Veblen goods are a type of luxury item that increases in demand as prices rise. That was the case for cryptocurrencies for much of the first half of the year, especially after the U.S. Securities and Exchange Commission authorized Bitcoin and Ether exchange-traded funds. Bitcoin rose to a record high of nearly $74,000 in March, and advocates urged investors to buy as demand from ETFs outpaced supply. Bitcoin fell below $50,000 at daily lows on Monday, more than halving year-to-date returns from nearly 70% in March.

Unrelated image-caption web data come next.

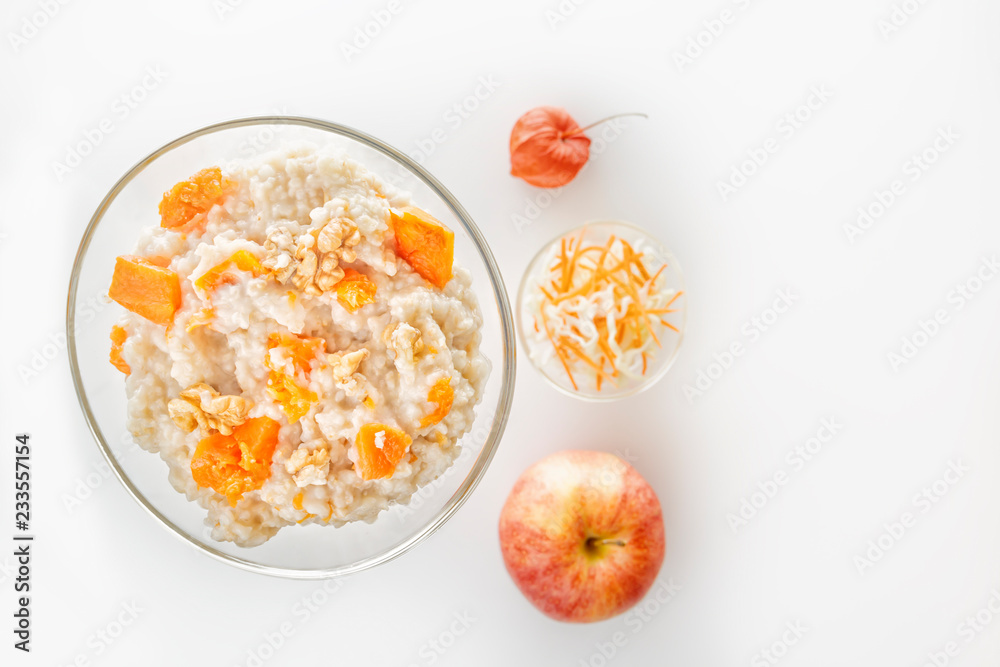 Oatmeal with pumpkin and nuts in a glass plate and fresh apple on a white background. Copy space. Top view Oatmeal with pumpkin and nuts in a glass plate and fresh apple on a white background. Copy space. Top view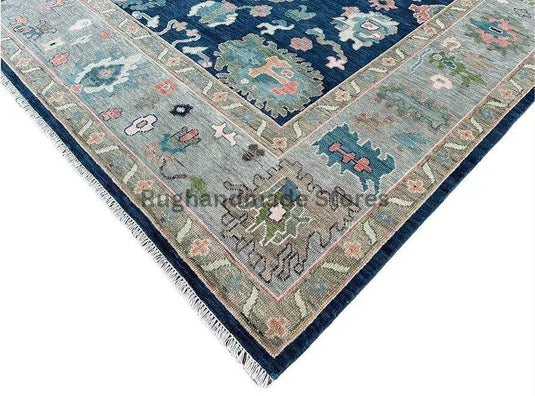 Translation missing: en.Handmade Oushak wool rug in blue and gray with intricate floral Turkish knot design for living room decor
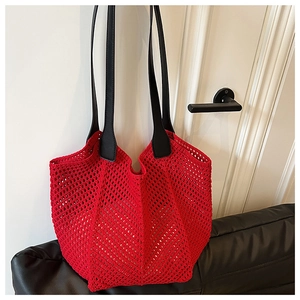 Close-up of red hollow crochet knit tote bag with black leather shoulder handles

Just two weeks ago, Bitcoin and global stocks were diverging as Trump’s election push and embrace of crypto boosted the largest digital asset, while stocks were volatile amid an uncertain economic outlook. The 30-day correlation coefficient for Bitcoin and MSCI’s index of world stocks has reached minus 0.20, a rare occurrence for a measure that has been mostly positive since 2020, according to data compiled by Bloomberg. A correlation of 1 suggests the assets are moving in unison, while minus 1 suggests a harmonious inverse relationship.

Bitcoin quickly became more correlated again as the global stock sell-off intensified, reflecting concerns about the economic outlook. Geopolitical tensions are rising in the Middle East, adding to investor unease.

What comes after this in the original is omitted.